Introduction

In a previous article, the process of transfer learning using the NVIDIA TAO Toolkits was described. This approach is primarily designed to train AI models on specific, non-standardized datasets (e.g. industrial defect detection).

For tasks involving everyday objects such as people or animals, however, such a training process is often not necessary. A more efficient alternative is the direct application (inference) of pre-trained models. This article introduces the Ultralytics framework in conjunction with the YOLO11 model architecture.

▶ Load video (YouTube)

▶ Load video (YouTube)

What is Ultralytics?

Ultralytics is a company and also the name of an open-source framework based on the PyTorch deep learning library. It acts as a high-level API (interface) that abstracts complex computer vision processes.

While frameworks such as TensorFlow or native PyTorch require a detailed definition of the neural network architecture and training loops, Ultralytics provides standardized methods for training, validation, and inference. The focus is on the applicability of YOLO algorithms (You Only Look Once). The framework enables integration on various hardware architectures (CPU, NVIDIA GPU, Apple Silicon) with minimal configuration effort, as dependencies and driver interfaces are largely managed automatically.

The Architecture: YOLO11

YOLO (You Only Look Once) refers to a family of “Single-Stage-Detectors”. Unlike two-stage approaches that first propose regions and then classify them, YOLO analyzes the entire image in a single pass through the neural network.

YOLO11 is the current iteration of this architecture at the time of writing. The main features are:

  • Grid-based prediction
    The image is divided into a grid. Each cell of the grid is responsible for detecting objects.

  • Object Detection
    Bounding boxes (rectangles) around objects.

  • Instance Segmentation
    Pixel-precise masking of object contours.

  • Pose Estimation
    Detection of skeletal keypoints in people.

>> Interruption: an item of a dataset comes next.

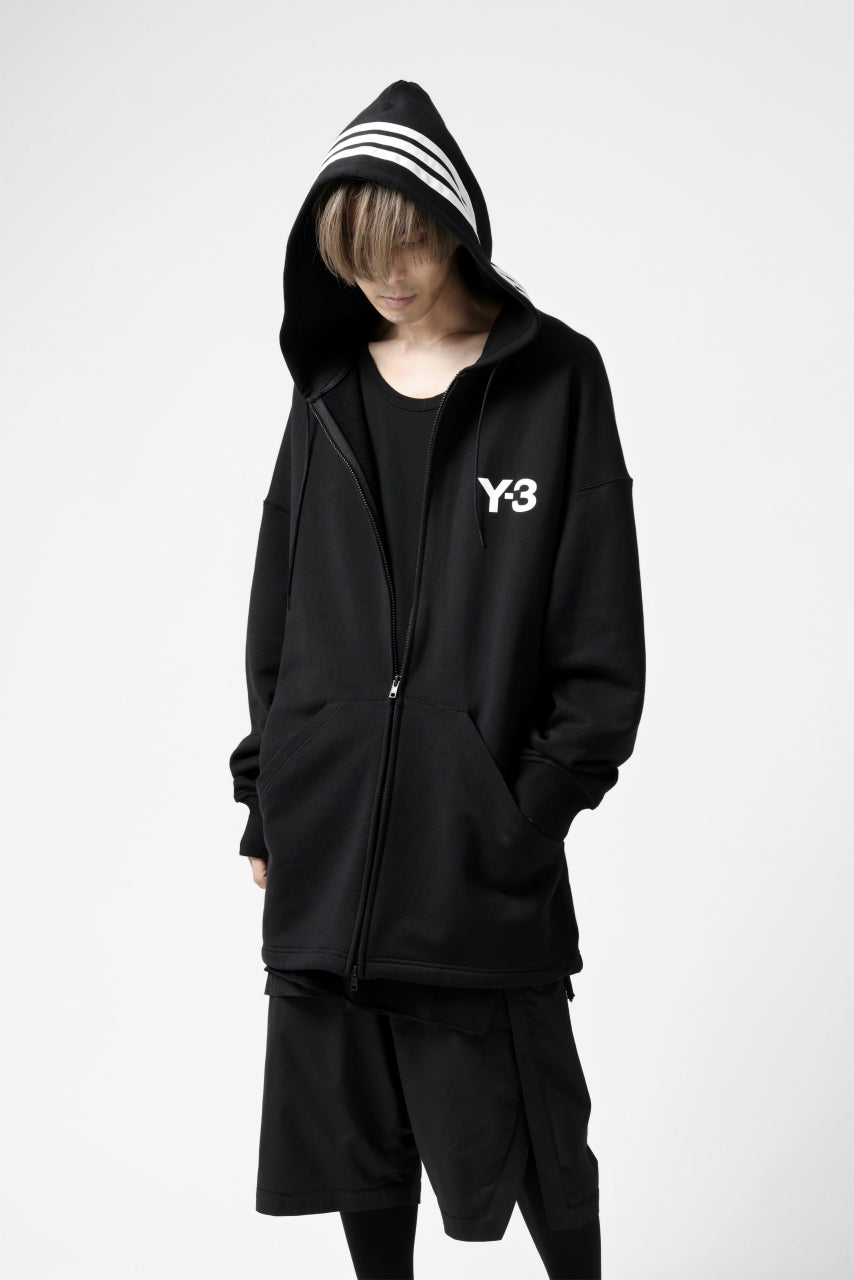 画像をギャラリービューアに読み込む, Y-3 Yohji Yamamoto FULL ZIP HOODIE PARKA / FRENCH TERRY (BLACK)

Why No Training is Necessary

The crucial difference from the method described in the NVIDIA TAO article lies in the dataset used. The model used here (yolo11l-seg.pt) has already been extensively trained on the COCO dataset (Common Objects in Context). The COCO dataset is a standard in computer vision research and comprises over 330,000 images, 1.5 million annotated object instances, and 80 object categories (Class ID 0: person, Class ID 9: dog).

Example

import cv2
from ultralytics import YOLO

# 1. Lade das Modell
# Das Modell wird beim ersten Start automatisch heruntergeladen.
model = YOLO('yolo11l.pt')  # 'l' steht für Large = sehr präzise

# 2. Pfad zu deinem Video
video_path = "./videos/walk1.mp4" 
cap = cv2.VideoCapture(video_path)

# Video-Eigenschaften für das Speichern
w, h, fps = (int(cap.get(x)) for x in (cv2.CAP_PROP_FRAME_WIDTH, cv2.CAP_PROP_FRAME_HEIGHT, cv2.CAP_PROP_FPS))
out = cv2.VideoWriter('tracked_walk1.mp4', cv2.VideoWriter_fourcc(*'mp4v'), fps, (w, h))

while cap.isOpened():
    success, frame = cap.read()
    if not success:
        break

    # 3. Tracking ausführen
    # persist=True ist wichtig, damit das Tracking über Frames hinweg funktioniert
    # classes=[0, 16] filtert nur nach Person (ID 0) und Hund (ID 16) im COCO-Datensatz
    results = model.track(frame, persist=True, classes=[0, 16], conf=0.5)

    # 4. Ergebnisse auf das Bild zeichnen
    annotated_frame = results[0].plot()

    # Anzeigen (Optional - Fenster mit 'q' schließen)
    cv2.imshow("Tracking", annotated_frame)
    
    # Speichern
    out.write(annotated_frame)

    if cv2.waitKey(1) & 0xFF == ord("q"):
        break

cap.release()
out.release()
cv2.destroyAllWindows()
print("Fertig! Video wurde als output_tracking.mp4 gespeichert.")